In: Accounting
National Leasing leases equipment to a variety of businesses. The company's primary service is providing alternate financing by acquiring equipment and leasing it to customers under long-term leases. National earns interest under these arrangements at a 10% annual rate.
The company leased production equipment it purchased on December 31, 2020 for $270,000 to a local company, Madison Inc. The six-year operating lease term commenced January 1, 2021, and the lease contract specified annual payments of $24,000 beginning December 31, 2021 and each December 31 through 2026. The machine's estimated useful life is 15 years with no estimated residual value.
Madison had the option to terminate the lease after four years.
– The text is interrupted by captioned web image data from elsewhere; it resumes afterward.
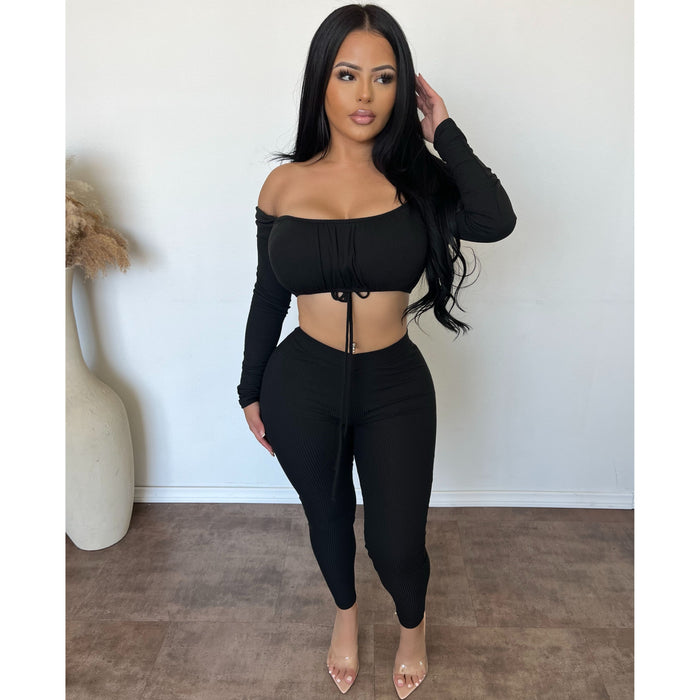 Angelina Matching Set (Black)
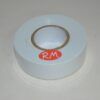 Cinta adhesiva aislante PVC blanca 33 x 25 mm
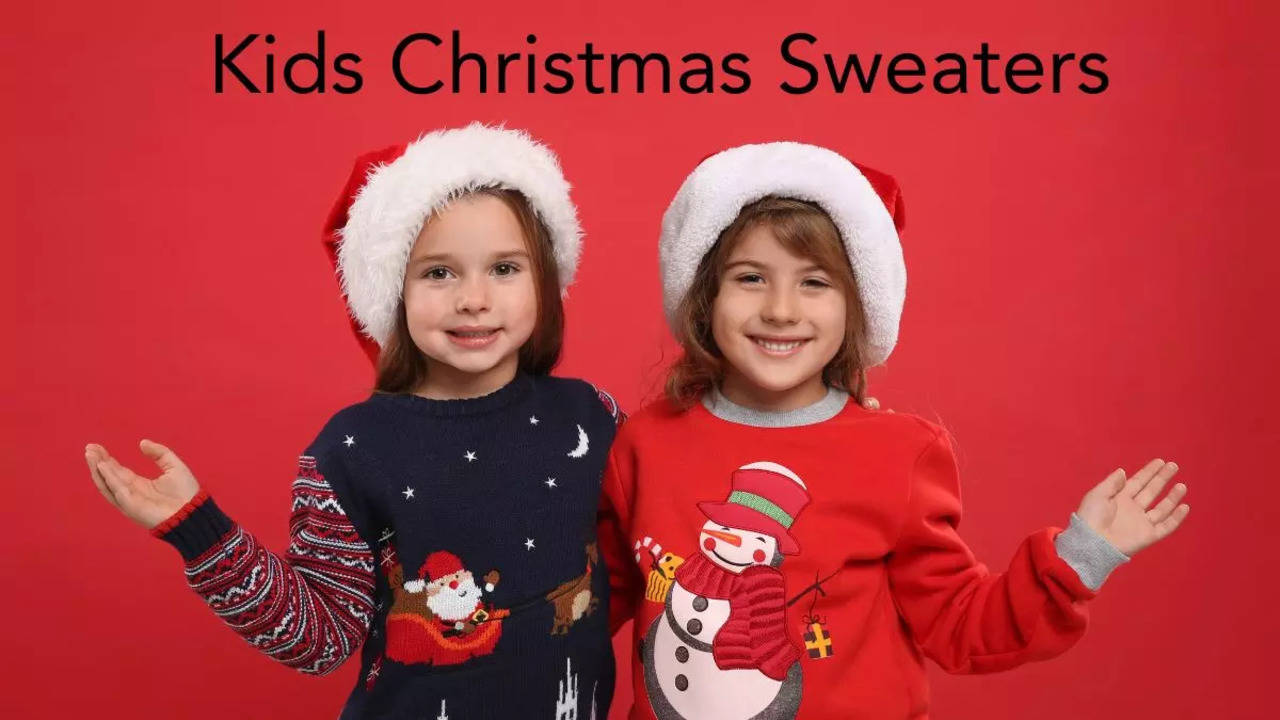 Kids Christmas Sweaters: Our Top Picks - Times of India (March, 2024)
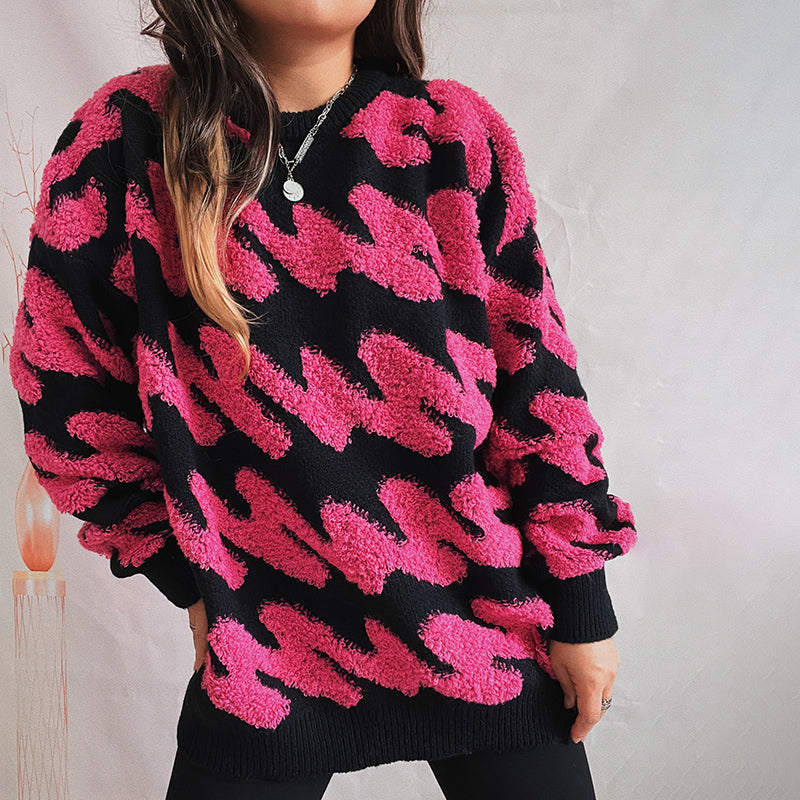 Gracefully Designed Sweater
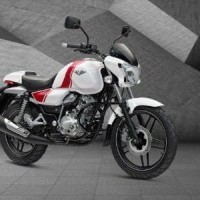 Bajaj V12 Color Pearl White
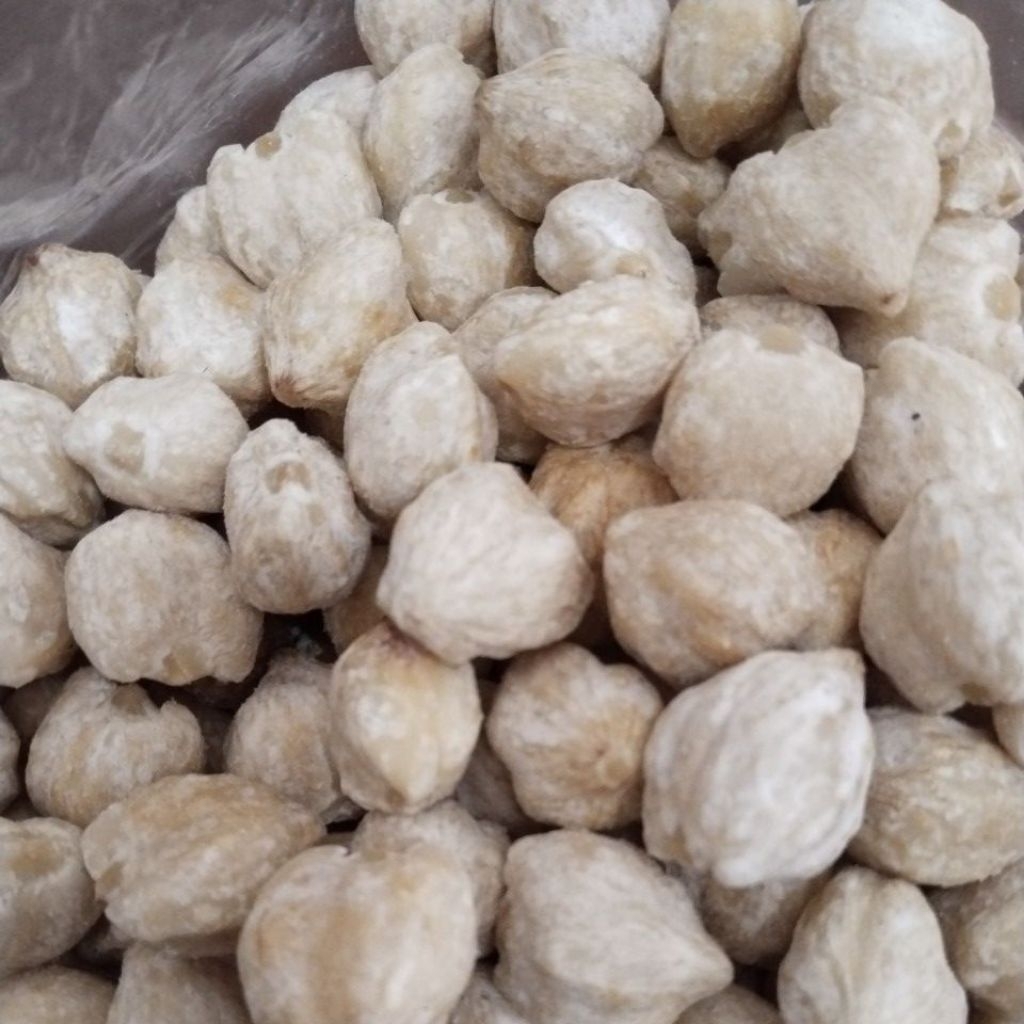 Kemiri bulat premium 1kg (1000g)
At the beginning of the lease, there was no reason to believe the lease would be terminated.
Required:
Round your answers to the nearest whole dollar amounts.
1.Prepare the appropriate journal entries for National Leasing from the beginning of the lease through the end of 2021.
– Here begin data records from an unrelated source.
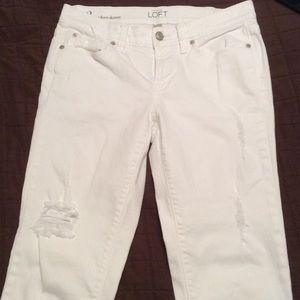 White jean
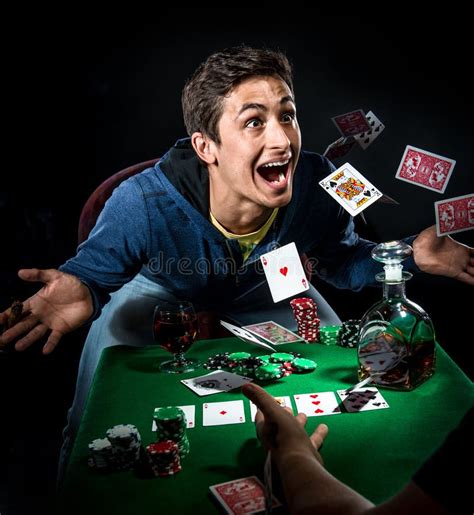 Joueur Poker Apertado Definicao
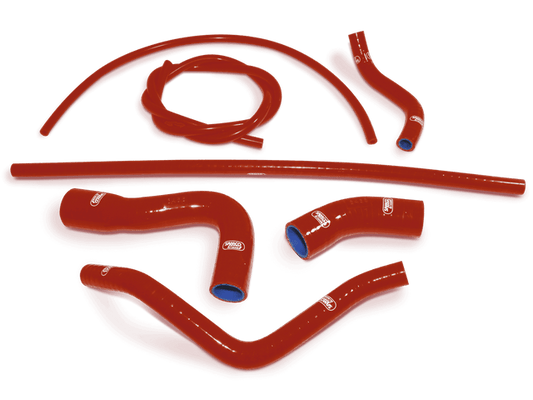 Samco Radiator Hose Kit Aprilia RS 660 (Red or Black)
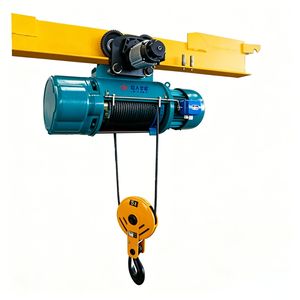 Variable Frequency Wire Rope Electric Hoist Overhead Crane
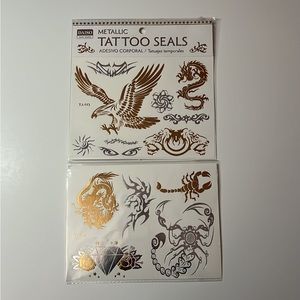 temporary tatoos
2.At the beginning of 2022, there was a significant indication that Madison's economic incentive to terminate the lease had changed causing both companies to believe termination of the lease at the end of four years (three years remaining) is "reasonably certain". Prepare any appropriate entries for National Leasing at January 1, 2022, to reflect the change in the lease term.
3.Prepare the appropriate journal entries pertaining to the lease for National Leasing at December 31, 2022.